Mientras el Sol recorre el cielo austral, la vida en el faro se desarrolla en tranquilidad. La charla tiene como fondo el sonido del viento que produce un silbido al pasar por el faro y el atronador golpe de las olas en esta costa desolada. “Uno de nosotros queda de guardia, a las 6.45 se apaga el faro y luego desayunamos. Tomamos mate y vemos las actividades del día. El predio demanda mucho trabajo: cortamos el pasto, tamariscos, hacemos algunos trabajos de albañilería”, afirma José Luis. El principal trabajo es el mantenimiento de los generadores que alimentan de energía eléctrica al faro, el cual se enciende minutos antes de la caída del Sol. Los torreros, así se llaman los que tripulan un faro, viven en un conjunto de tres casas unidas a un costado de la torre. Aquí la luz llega cuando la lámpara del faro se enciende, y el agua es un bien que se valora como el oro. “La traemos de Carmen de Patagones, son 8000 litros que tienen que alcanzar para 20 o 25 días”, cuenta Fabián. Todo en el faro se racionaliza. El motor del generador consume un litro de gasoil por hora. “Tenemos combustible de reserva para quince días”, mira en lontananza José Luis. Siempre está el miedo de permanecer aislados. “Tenemos un torrero que se quedó 58 días, es el récord”, reconoce Fabián. Una televisión con conexión satelital es la única diversión y el lazo que los une al mundo.

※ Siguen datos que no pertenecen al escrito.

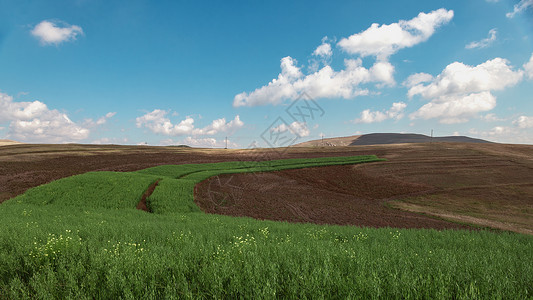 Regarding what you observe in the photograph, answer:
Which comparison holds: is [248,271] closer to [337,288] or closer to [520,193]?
[337,288]

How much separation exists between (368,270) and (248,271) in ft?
6.73

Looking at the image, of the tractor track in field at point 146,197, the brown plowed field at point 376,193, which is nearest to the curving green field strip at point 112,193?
the tractor track in field at point 146,197

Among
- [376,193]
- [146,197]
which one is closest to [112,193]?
[146,197]

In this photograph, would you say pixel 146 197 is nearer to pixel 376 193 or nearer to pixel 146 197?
pixel 146 197

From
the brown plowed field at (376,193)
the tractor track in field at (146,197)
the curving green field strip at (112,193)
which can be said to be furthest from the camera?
the brown plowed field at (376,193)

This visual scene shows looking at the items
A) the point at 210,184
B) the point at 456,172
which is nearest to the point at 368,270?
the point at 210,184

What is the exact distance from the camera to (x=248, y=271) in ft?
13.0

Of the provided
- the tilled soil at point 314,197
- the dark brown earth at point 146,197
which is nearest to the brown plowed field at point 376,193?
the tilled soil at point 314,197

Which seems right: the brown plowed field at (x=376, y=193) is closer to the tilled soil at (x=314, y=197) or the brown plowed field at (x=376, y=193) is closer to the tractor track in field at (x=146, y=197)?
the tilled soil at (x=314, y=197)

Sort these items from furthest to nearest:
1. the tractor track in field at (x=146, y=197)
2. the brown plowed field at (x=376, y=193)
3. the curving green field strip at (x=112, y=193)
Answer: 1. the brown plowed field at (x=376, y=193)
2. the tractor track in field at (x=146, y=197)
3. the curving green field strip at (x=112, y=193)

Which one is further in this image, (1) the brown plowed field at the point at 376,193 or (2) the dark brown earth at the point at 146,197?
(1) the brown plowed field at the point at 376,193

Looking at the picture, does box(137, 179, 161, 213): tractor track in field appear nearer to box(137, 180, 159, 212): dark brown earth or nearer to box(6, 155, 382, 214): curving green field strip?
box(137, 180, 159, 212): dark brown earth

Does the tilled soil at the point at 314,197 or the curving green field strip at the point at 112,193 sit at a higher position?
the curving green field strip at the point at 112,193

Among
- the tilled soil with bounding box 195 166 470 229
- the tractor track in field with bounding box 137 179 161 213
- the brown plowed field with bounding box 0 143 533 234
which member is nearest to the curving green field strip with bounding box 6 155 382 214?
the tractor track in field with bounding box 137 179 161 213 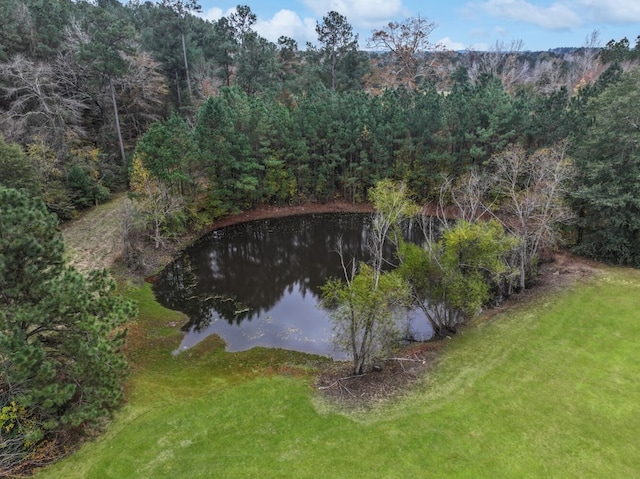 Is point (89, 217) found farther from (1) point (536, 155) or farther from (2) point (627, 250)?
(2) point (627, 250)

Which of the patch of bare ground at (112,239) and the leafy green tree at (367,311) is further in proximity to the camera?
the patch of bare ground at (112,239)

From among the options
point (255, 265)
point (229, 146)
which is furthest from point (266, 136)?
point (255, 265)

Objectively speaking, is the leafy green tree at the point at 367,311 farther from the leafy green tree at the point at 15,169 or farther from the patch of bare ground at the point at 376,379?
the leafy green tree at the point at 15,169

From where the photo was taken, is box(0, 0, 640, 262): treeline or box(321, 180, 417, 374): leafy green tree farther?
box(0, 0, 640, 262): treeline

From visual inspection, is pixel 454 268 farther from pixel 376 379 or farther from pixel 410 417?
pixel 410 417

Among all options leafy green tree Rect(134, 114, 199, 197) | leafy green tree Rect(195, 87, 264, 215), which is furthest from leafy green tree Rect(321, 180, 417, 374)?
leafy green tree Rect(195, 87, 264, 215)

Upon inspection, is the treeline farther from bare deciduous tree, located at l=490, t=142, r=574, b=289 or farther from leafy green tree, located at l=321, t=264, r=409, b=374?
leafy green tree, located at l=321, t=264, r=409, b=374

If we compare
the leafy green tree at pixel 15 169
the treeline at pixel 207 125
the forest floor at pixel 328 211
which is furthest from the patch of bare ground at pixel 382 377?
the leafy green tree at pixel 15 169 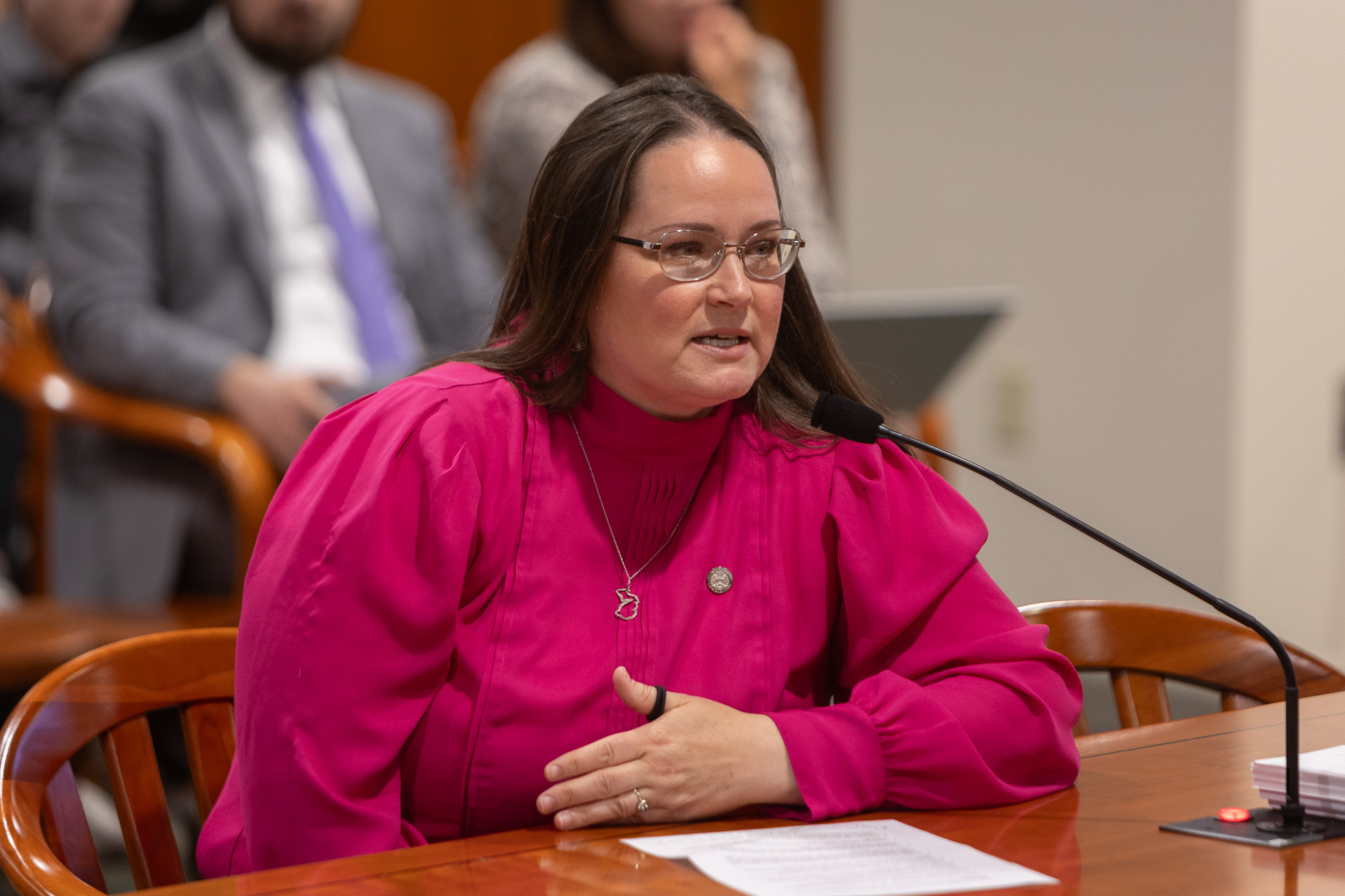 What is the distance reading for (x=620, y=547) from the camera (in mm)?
1242

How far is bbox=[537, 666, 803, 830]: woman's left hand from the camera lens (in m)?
1.04

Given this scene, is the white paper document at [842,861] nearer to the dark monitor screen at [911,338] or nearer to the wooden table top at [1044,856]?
the wooden table top at [1044,856]

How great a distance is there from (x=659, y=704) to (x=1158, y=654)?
1.95 feet

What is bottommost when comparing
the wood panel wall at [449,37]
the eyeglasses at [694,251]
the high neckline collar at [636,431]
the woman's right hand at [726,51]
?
the high neckline collar at [636,431]

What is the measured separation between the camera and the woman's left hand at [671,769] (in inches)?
41.0

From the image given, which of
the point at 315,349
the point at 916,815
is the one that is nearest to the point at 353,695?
the point at 916,815

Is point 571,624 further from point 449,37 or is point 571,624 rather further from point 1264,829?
point 449,37

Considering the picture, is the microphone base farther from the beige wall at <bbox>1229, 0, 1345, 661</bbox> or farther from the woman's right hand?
the beige wall at <bbox>1229, 0, 1345, 661</bbox>

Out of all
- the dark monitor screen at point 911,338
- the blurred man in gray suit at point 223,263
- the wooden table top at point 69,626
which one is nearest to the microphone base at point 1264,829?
the dark monitor screen at point 911,338

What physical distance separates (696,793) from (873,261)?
3.49 m

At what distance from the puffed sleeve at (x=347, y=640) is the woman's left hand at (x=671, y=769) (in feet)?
0.44

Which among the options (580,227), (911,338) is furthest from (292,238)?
(580,227)

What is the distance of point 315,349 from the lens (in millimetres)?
2631

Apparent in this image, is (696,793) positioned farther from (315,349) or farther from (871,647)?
(315,349) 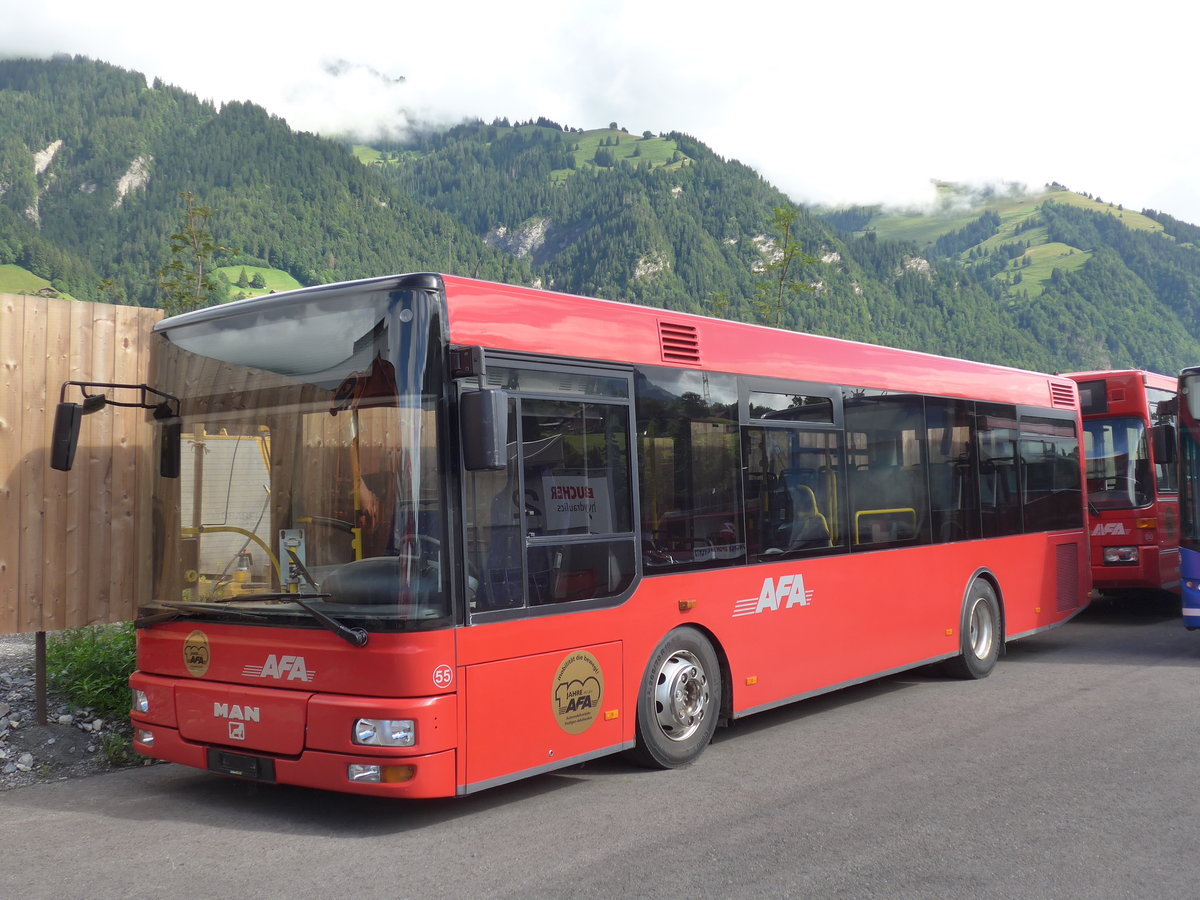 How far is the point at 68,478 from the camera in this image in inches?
311

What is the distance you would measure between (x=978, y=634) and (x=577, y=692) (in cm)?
561

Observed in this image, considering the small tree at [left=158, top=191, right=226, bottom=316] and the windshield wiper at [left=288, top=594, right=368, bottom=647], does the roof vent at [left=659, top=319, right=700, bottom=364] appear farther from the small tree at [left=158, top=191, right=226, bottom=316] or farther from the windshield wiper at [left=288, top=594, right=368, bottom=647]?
the small tree at [left=158, top=191, right=226, bottom=316]

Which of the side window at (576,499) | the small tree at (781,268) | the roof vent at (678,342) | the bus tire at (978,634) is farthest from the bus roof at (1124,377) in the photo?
the side window at (576,499)

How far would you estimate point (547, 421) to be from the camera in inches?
250

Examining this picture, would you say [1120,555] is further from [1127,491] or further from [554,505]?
[554,505]

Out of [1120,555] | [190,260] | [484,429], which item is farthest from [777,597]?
[190,260]

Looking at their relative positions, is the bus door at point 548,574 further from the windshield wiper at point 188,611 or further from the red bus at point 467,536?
the windshield wiper at point 188,611

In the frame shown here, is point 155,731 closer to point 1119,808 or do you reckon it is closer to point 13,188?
point 1119,808

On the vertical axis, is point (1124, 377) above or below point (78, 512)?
above

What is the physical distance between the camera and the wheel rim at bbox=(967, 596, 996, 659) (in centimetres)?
1054

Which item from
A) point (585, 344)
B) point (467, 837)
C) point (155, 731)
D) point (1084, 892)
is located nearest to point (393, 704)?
point (467, 837)

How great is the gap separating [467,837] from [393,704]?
2.61 ft

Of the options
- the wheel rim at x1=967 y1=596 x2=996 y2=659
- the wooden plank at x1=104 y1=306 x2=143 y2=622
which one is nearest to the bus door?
the wooden plank at x1=104 y1=306 x2=143 y2=622

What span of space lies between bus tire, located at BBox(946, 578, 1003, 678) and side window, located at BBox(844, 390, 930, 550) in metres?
1.06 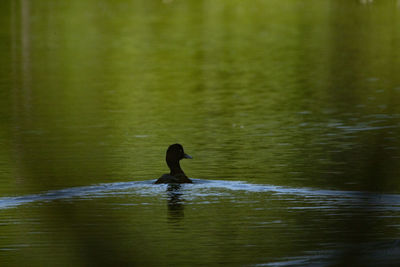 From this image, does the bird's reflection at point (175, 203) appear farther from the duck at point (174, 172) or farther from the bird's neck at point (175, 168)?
the bird's neck at point (175, 168)

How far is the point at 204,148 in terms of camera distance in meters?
19.0

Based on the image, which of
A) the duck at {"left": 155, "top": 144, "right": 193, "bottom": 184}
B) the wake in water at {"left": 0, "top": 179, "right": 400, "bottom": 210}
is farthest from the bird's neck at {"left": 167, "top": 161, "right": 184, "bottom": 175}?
the wake in water at {"left": 0, "top": 179, "right": 400, "bottom": 210}

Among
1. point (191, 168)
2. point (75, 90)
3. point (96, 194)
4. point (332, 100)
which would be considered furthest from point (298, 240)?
point (75, 90)

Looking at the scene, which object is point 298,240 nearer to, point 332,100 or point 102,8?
point 332,100

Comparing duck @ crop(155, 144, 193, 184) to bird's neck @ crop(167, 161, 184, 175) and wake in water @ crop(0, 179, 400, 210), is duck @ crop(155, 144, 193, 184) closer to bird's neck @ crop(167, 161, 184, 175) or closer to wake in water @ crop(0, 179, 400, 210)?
bird's neck @ crop(167, 161, 184, 175)

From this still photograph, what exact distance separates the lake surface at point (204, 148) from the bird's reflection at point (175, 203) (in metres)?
0.04

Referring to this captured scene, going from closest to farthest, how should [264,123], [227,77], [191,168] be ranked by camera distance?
[191,168] < [264,123] < [227,77]

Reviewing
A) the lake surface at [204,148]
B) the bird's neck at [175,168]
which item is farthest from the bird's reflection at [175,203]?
the bird's neck at [175,168]

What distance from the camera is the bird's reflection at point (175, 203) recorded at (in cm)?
1168

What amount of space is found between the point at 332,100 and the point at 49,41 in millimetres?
29360

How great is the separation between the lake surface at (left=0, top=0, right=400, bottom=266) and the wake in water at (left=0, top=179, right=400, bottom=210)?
0.14 ft

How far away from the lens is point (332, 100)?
88.4 feet

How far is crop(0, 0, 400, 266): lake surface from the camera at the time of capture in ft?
28.7

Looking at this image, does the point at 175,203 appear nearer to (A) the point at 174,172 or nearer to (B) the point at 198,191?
(B) the point at 198,191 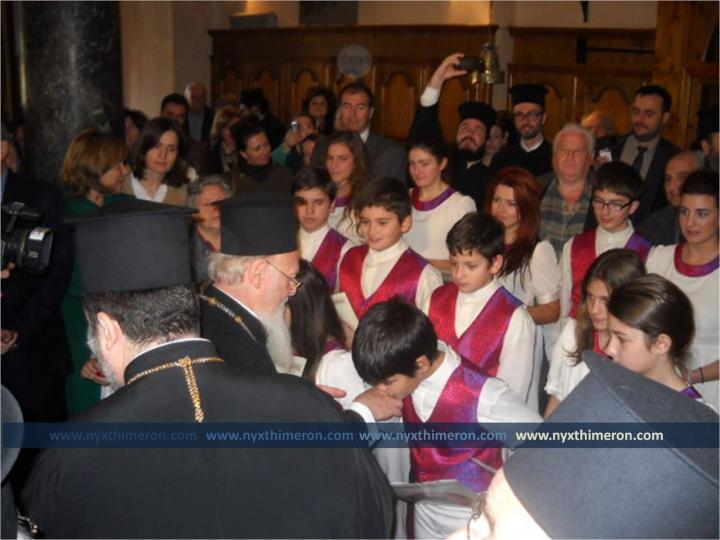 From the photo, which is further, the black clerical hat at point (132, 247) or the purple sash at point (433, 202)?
the purple sash at point (433, 202)

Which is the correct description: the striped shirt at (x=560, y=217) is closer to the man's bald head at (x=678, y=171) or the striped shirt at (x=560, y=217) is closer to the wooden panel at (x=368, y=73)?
the man's bald head at (x=678, y=171)

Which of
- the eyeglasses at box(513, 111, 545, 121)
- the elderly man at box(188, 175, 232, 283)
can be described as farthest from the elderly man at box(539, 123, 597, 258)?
the elderly man at box(188, 175, 232, 283)

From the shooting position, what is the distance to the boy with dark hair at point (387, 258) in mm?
3920

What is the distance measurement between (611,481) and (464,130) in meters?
5.32

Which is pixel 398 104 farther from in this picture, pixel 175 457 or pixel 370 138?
pixel 175 457

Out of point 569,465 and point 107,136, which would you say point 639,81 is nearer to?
point 107,136

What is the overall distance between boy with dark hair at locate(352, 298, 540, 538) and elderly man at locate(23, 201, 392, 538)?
2.09ft

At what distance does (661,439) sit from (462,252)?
7.85 ft

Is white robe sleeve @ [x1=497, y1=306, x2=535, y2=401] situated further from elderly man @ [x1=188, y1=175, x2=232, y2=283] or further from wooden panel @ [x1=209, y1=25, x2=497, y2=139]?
wooden panel @ [x1=209, y1=25, x2=497, y2=139]

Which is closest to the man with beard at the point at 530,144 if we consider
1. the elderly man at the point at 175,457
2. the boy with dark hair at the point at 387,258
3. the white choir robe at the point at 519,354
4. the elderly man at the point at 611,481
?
the boy with dark hair at the point at 387,258

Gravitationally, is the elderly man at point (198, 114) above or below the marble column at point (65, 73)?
below

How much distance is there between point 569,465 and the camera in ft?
3.88

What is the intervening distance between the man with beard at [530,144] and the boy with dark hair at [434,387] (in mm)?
3344

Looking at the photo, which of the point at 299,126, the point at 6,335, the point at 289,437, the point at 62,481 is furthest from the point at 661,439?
the point at 299,126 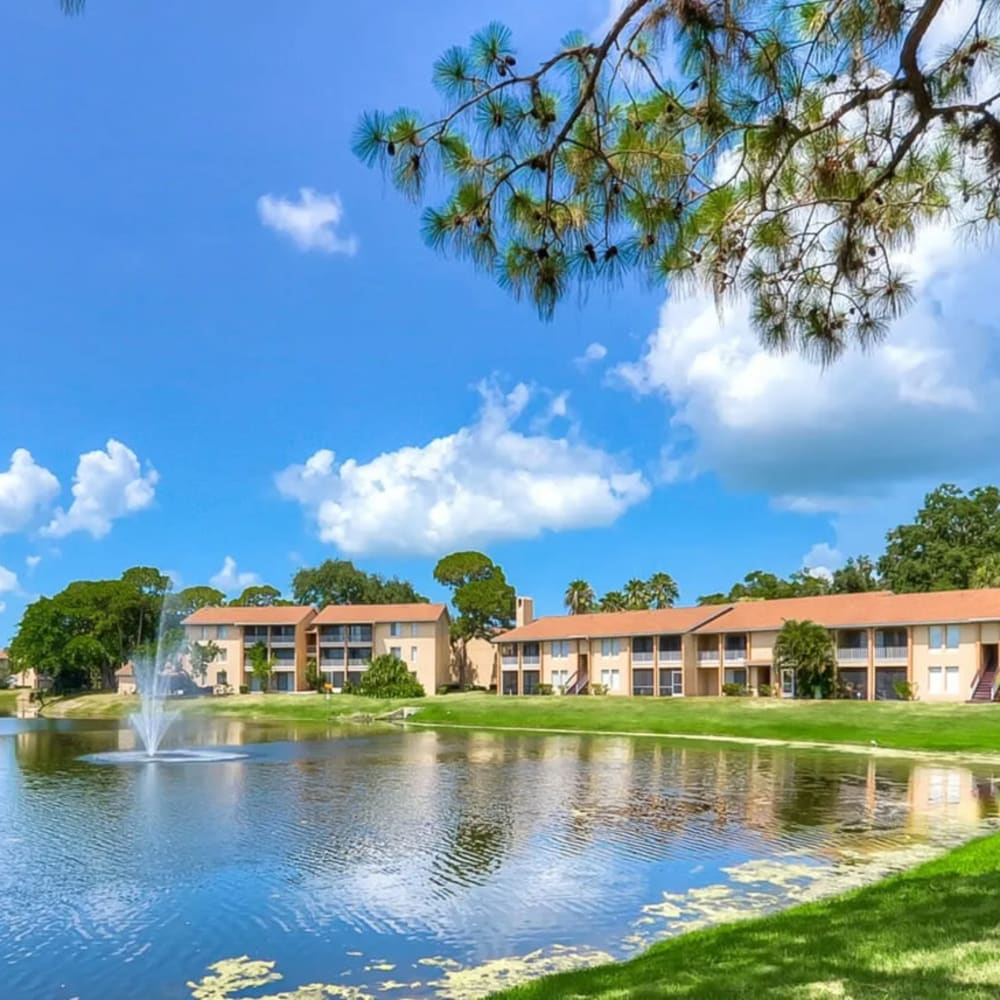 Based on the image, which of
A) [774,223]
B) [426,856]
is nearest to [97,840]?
[426,856]

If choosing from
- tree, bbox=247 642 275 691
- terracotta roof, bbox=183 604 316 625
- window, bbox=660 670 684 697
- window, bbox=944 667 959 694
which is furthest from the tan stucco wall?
tree, bbox=247 642 275 691

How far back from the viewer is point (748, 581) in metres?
88.0

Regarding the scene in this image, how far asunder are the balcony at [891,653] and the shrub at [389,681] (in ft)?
103

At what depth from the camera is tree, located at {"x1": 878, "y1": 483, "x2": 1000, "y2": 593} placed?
2931 inches

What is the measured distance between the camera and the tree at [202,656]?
3310 inches

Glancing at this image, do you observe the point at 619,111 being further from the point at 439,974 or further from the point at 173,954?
the point at 173,954

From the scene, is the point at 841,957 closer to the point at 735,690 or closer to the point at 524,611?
the point at 735,690

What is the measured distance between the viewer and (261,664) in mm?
82375

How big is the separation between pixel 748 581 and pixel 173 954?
264ft

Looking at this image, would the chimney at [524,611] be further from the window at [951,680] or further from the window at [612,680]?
the window at [951,680]

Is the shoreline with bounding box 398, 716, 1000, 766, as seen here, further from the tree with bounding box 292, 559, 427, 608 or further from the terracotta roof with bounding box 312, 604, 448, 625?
the tree with bounding box 292, 559, 427, 608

Uno de los secretos de la vida de un torrero es mantenerse ocupado la mayor parte del día para que el sueño llegue rápido por la noche. “Acá le escapamos a la siesta”, advierte José Luis. Tener el control de la mente y mantener al grupo ocupado son los mayores objetivos a cumplir y los principales desafíos a superar. “El tema es que la mente no trabaje tanto, la soledad comienza a pesar si te quedás tres semanas. A veces uno se levanta con el ánimo caído y entre todos nos damos fuerzas. Nadie escapa a esto”, reconoce José Juis, quien tiene su familia en Puerto Madryn y le faltan cinco años para el pase a retiro. Fabián, con su casa en Jujuy, tiene que hacer un viaje de 36 horas para llegar al faro. “La mente a veces te traiciona, porque todos los días salimos y estamos en el mismo lugar, viendo las mismas plantas y la misma playa”, confiesa. En esos días hay que buscar alguna ocupación, “organizamos tornillos, separamos arandelas, pintamos algo”, agrega. Los torreros dentro de su rutina tienen asignados dos días a la semana para practicar deporte. Hacen atletismo, “porque campo sobra, y en verano nadamos en el mar”. La cocina es un pasatiempo ideal. Cristian, el menor de los tres y con su casa en Punta Alta, hace un año que está en el Segunda Barranca. “Las empanadas y las salsas son su especialidad”, afirman sus compañeros.